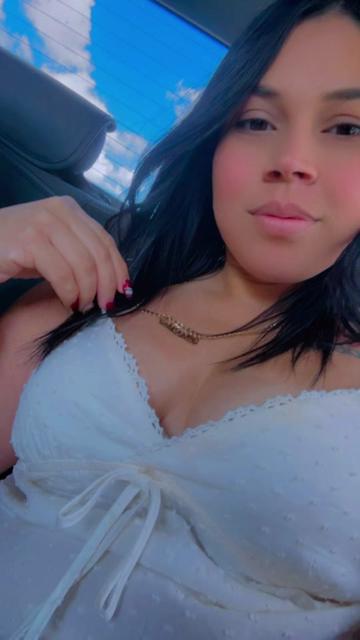 @Aiida Mariie Rodz 🩵🇵🇷🩵
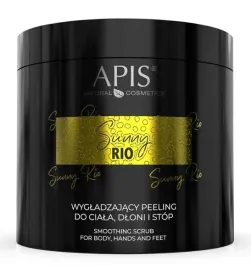apis-sunny-rio-wygladzajacy-peeling-do-ciala-dloni-i-stop-700g
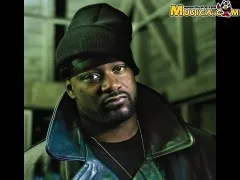 Ghostface Killah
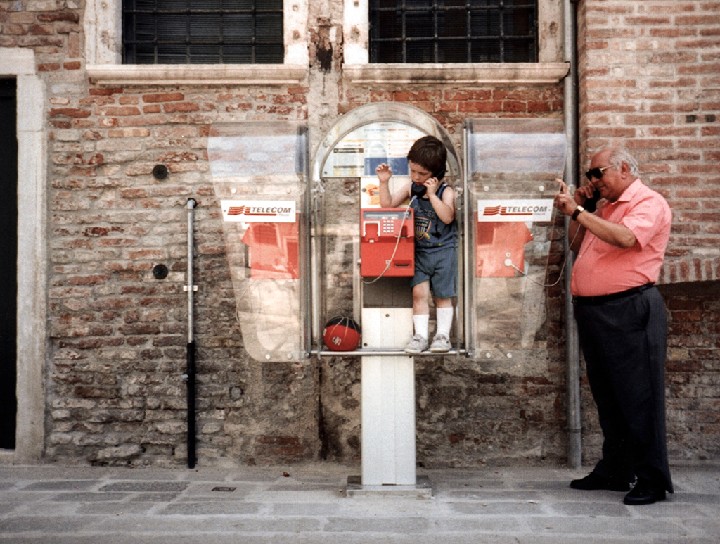 Venice_ver-b_2014-9-9-19-28-26-02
————————
■ Activity ■
Please transcribe each line above exactly, but leave the images out.

■ Answer to the problem ■
 @Aiida Mariie Rodz 🩵🇵🇷🩵
apis-sunny-rio-wygladzajacy-peeling-do-ciala-dloni-i-stop-700g
 Ghostface Killah
 Venice_ver-b_2014-9-9-19-28-26-02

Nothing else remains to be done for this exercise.